Perhaps my greatest inspiration behind this strive to challenge perspectives in writing came from a course I'd taken my first year at Adams State University. The course was ENG 203 Major Themes in Literature taught by Professor Aaron Abeyta. One of the discussions we had was in regards to three levels of the feminist approach to literature. I'll provide a link at the bottom of this post if you're interested in looking in depth at the levels, but for now I will focus primarily on the one that sparks my inspiration. The third level of the feminist approach to literature is the female approach. One of the ideas discussed was the idea that because we (the males in the class, including the professor) were males, we would never be able to write using the female approach. In a sense we were a graph which followed an asymptote (for sake of simplicity, an asymptote along either the x or y axis). The axes, our asymptotes, represent the female approach. Try and try and try as we might, we would never truly reach that approach. The logic behind this is that we have not, do not, and will not know what it is like to be female. Now this comes into a grey area with varying approaches to the concept of gender, but again for the sake of simplicity, a male will not know what it is like to be female, and vice versa. Essentially, males can write in the feminine and feminist approaches (the other two of the three levels), but they cannot write in the third, female, level. This concept doesn't need to strictly follow the distinction between male and female. The same logic applies that females will be able to write in a 'male' approach. And in a much broader sense, if you aren't _____, you cannot fully write from _____ perspective.
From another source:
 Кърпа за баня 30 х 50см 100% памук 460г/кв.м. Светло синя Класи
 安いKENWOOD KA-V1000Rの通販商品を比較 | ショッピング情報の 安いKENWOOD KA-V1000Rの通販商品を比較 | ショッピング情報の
To this effect I've turned my attention to another view on literature and writing. While I might not be able to fully write through particular perspectives, I am however able to learn about them and advocate for them. In a three level system, this approach gives meaning to the first two of the three levels which can be attained by anyone. Again I will provide a link at the end of the post for greater explanation on the following subject, for now I'll give a brief explanation. This approach which I've become accustomed to follows the stages of cultural competency. In this system there are six stages ranging from destruction to advocacy. This system doesn't follow a "you start at the bottom and rise to the top" philosophy. This is due to the first stage of cultural competency being the destruction of another culture. More often than not, especially in the current generations, most individuals fall into the third level of cultural competency which is blindness. This stage is unbiased in that traits of an individual such as race, sex, gender, color, ethnicity, etcetera do not make much of a difference in the development of opinions. I like to think of it as an "ignorance is bliss" approach. It has good intentions, but it still has potentially harmful side effects. I suppose in regards to the graph analogy, the blindness stage is in the curve of the graph before the graph starts to approach the asymptote along the axis. There isn't much influence one way or the other. It is in the following three levels that an individual begins to approach the axis and come closer and closer to being able to advocate for a particular perspective. As an individual becomes more knowledgeable and familiar with a culture, as they seek to obtain said knowledge, as they become familiar with the pros and cons of diversity in culture, and as they begin to accept and develop a respect for a particular culture, then they reach the sixth level of cultural competence, proficiency. Proficiency is essentially the equivalent to the feminist approach in the above discussion of the feminine, feminist, and female approaches. This is that never-ending stretch where you're so close to being able to truly see, write, elaborate, speak, and understand from a particular perspective.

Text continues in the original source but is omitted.